A lot of yards end up in the same spot - a handful of tired plants, bare spots in the beds, and containers that haven't seen fresh color in years. That's exactly what we were working with here. The goal was simple: get this yard looking full, healthy, and intentional from the front bed all the way to the back.
We started with a new planting plan for the front bed. Fresh compost mulch went down across the beds - rich, dark, and deep - which does double duty. It looks great, and it helps the soil hold moisture and break down into nutrients the plants can actually use over time. We filled in the gaps throughout the yard with new plantings chosen to work with what was already there, not fight against it.
The side path already had good bones - a gravel walkway edged with river rock - so we focused on the planting beds alongside it. New plants went in along both sides, tucked into fresh compost mulch, with enough spacing to let everything grow in without crowding.
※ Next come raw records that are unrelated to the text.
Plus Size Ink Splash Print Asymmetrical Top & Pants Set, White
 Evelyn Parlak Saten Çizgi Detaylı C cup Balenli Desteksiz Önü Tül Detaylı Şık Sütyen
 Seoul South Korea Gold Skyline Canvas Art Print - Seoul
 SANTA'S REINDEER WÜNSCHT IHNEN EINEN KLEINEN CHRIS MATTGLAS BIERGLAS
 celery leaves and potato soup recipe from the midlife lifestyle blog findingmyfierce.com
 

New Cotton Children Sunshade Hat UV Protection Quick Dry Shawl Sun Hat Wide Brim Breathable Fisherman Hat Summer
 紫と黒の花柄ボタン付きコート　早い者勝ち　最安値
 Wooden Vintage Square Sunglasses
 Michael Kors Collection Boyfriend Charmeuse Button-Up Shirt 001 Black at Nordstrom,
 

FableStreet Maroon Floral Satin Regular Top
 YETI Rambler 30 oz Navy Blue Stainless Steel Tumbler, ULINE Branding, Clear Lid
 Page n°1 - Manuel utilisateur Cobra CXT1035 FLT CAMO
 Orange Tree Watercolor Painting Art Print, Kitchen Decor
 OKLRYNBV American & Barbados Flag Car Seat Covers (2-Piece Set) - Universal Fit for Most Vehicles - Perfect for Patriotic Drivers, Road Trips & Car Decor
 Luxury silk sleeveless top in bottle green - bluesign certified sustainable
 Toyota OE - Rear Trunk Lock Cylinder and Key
It's the kind of detail that makes a narrow side yard feel like a deliberate design instead of an afterthought.
The containers got the most dramatic change. We packed them with seasonal annuals - marigolds, begonias, impatiens, and more - layered for height and color so they look full right away. Then we went through the drip irrigation to confirm every plant, in the ground and in pots, is actually getting water where it needs it. A beautiful planting plan falls apart fast if the irrigation isn't dialed in.
This is the kind of work we do a lot of - whole-yard refreshes that pull everything together at once. New beds, fresh mulch, container plantings, irrigation checks. It all connects.